*Task to carry out*
How many lines below contain the string "bowl"? Reply with the figure and no further words.

*** Opening of Given data ***

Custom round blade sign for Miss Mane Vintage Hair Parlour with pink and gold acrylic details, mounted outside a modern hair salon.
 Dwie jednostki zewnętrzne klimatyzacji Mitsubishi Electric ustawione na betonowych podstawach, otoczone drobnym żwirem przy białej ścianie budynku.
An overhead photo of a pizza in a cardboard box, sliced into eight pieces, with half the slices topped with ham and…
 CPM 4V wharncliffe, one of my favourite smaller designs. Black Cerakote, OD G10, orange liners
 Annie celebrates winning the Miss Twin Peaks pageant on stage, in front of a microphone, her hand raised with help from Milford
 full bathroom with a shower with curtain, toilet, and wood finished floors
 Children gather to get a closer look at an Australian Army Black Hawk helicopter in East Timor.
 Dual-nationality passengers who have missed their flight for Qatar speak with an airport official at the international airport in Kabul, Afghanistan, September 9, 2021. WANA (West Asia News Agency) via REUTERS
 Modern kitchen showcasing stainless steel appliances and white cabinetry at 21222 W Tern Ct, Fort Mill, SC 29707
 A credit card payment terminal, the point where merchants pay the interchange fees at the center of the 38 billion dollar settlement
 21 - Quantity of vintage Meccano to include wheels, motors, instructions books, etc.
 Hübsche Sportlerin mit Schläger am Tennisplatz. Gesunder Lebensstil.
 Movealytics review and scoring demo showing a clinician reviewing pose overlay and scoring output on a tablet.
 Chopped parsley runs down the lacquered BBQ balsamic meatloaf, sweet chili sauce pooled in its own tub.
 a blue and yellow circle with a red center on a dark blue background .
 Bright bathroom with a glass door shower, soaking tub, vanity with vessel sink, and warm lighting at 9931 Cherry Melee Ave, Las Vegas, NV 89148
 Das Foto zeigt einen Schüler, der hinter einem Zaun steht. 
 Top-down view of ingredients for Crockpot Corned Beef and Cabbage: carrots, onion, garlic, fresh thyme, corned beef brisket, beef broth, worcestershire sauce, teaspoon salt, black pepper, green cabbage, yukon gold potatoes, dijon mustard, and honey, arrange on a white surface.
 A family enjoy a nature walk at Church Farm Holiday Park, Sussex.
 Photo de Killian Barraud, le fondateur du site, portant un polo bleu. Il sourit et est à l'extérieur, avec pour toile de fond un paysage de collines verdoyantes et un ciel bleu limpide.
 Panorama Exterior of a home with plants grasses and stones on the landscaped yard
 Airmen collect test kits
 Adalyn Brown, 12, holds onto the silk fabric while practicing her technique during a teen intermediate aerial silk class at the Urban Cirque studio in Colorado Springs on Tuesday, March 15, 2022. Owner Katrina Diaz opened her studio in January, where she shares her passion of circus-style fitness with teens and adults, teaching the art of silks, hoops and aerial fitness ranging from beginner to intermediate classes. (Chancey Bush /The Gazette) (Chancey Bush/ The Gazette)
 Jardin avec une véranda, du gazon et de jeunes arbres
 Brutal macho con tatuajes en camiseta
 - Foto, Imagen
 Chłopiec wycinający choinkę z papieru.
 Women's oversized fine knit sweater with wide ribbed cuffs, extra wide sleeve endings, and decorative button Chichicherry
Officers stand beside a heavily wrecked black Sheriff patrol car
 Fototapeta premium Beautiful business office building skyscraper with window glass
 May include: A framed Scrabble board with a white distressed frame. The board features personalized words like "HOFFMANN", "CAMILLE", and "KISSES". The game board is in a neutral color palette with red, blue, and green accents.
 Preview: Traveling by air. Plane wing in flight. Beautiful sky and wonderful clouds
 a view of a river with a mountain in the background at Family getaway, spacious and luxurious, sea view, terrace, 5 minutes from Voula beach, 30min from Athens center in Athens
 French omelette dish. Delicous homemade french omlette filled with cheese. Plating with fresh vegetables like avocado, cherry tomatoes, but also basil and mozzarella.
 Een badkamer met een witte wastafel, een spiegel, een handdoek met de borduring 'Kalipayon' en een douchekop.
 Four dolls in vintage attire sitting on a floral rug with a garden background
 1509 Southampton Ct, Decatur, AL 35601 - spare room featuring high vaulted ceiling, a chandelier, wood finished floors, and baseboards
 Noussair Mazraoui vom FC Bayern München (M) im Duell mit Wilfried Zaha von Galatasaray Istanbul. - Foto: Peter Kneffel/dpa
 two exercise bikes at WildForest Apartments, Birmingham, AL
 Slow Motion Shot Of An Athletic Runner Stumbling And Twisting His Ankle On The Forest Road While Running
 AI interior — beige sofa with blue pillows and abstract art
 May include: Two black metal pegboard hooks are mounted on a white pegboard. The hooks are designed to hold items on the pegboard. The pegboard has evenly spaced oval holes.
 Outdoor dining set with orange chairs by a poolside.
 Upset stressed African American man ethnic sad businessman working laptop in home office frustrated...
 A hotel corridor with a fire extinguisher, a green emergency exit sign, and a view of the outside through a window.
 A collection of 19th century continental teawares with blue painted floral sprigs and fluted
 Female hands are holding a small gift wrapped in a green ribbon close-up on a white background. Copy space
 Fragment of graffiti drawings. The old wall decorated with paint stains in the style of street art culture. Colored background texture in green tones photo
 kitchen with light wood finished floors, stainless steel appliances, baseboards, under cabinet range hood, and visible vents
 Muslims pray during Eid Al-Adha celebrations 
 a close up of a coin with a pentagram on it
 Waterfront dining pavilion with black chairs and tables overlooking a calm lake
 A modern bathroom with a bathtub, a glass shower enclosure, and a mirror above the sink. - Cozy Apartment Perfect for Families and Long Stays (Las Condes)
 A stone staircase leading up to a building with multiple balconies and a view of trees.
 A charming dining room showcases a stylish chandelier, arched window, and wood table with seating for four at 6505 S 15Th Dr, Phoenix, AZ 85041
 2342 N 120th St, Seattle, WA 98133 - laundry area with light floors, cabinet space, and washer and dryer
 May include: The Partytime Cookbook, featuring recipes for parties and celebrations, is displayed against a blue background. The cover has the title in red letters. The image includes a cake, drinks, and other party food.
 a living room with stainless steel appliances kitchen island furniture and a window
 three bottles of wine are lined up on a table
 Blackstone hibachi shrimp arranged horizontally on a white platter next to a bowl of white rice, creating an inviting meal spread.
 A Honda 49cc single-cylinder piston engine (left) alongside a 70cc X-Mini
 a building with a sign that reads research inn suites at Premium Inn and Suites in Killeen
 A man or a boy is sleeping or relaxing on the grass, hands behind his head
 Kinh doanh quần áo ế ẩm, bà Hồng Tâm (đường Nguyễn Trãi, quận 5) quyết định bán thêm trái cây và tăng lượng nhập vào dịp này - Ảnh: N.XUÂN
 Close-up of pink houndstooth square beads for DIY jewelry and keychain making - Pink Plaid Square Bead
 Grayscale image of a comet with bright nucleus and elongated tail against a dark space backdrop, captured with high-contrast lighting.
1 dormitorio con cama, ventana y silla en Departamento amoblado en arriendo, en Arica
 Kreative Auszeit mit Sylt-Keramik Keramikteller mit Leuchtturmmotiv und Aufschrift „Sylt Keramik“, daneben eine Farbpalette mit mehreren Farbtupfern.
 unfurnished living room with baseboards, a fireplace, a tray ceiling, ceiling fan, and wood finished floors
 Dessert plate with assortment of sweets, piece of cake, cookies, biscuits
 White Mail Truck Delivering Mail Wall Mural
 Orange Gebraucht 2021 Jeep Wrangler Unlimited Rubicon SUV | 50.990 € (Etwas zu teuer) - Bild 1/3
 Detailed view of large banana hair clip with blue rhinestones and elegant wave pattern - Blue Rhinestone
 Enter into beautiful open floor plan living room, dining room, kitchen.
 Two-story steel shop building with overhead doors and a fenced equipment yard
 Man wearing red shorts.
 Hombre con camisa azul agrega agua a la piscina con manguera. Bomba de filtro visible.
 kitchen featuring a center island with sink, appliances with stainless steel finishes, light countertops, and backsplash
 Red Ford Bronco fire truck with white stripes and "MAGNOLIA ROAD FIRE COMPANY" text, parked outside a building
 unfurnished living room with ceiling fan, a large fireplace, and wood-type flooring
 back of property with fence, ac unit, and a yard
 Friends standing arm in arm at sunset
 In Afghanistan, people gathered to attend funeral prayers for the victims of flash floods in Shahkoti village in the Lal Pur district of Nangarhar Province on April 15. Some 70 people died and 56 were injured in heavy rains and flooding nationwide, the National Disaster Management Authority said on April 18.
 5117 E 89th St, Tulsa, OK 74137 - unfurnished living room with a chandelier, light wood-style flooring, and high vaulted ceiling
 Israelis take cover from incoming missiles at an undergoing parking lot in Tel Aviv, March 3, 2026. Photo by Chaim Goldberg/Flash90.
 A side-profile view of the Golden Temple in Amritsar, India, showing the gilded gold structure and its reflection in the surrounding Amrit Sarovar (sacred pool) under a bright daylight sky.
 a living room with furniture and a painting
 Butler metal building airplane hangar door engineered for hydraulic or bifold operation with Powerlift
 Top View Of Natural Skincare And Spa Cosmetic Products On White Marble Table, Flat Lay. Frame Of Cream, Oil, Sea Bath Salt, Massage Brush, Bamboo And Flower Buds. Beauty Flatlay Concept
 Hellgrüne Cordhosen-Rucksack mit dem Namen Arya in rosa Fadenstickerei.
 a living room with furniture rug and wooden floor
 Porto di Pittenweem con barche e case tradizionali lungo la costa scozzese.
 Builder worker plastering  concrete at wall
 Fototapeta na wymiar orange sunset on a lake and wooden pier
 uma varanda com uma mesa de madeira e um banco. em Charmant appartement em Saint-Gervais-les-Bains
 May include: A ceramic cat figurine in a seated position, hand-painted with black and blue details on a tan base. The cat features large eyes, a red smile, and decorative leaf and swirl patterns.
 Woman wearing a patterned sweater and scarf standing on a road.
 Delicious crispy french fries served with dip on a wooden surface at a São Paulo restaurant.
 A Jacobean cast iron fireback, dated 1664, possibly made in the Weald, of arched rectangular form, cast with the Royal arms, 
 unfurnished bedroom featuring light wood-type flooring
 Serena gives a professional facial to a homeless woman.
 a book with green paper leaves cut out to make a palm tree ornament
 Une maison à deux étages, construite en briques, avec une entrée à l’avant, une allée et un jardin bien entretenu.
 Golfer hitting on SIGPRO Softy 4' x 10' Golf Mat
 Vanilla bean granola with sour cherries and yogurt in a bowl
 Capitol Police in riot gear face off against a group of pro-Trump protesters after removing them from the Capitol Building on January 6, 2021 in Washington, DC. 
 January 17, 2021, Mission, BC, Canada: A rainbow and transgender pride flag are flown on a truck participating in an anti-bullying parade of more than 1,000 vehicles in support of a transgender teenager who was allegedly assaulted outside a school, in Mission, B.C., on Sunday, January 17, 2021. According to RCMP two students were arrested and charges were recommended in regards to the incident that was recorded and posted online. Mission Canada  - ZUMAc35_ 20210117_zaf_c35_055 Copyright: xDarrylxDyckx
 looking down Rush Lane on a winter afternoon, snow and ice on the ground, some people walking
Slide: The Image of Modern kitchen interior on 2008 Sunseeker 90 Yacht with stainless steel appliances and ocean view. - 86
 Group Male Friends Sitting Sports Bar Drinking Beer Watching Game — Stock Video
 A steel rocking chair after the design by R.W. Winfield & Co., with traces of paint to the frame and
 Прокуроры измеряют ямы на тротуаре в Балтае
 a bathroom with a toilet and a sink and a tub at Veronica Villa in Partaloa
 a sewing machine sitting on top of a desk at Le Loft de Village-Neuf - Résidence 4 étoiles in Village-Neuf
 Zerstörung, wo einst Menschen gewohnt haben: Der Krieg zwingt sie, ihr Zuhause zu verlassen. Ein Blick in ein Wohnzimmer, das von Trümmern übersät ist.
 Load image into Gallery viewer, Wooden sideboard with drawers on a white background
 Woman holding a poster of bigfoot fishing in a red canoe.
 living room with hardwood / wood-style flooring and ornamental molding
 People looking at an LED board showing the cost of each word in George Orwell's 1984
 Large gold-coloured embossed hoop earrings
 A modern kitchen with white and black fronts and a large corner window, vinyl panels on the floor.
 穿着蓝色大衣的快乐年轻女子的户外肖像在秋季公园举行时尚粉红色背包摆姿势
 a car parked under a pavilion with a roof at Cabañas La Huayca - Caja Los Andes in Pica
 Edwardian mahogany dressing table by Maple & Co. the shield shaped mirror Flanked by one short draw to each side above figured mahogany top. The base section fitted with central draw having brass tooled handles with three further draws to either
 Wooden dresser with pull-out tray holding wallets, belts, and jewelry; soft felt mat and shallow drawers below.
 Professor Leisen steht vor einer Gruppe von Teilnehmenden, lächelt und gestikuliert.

*** Close of Given data ***

*Written response*
2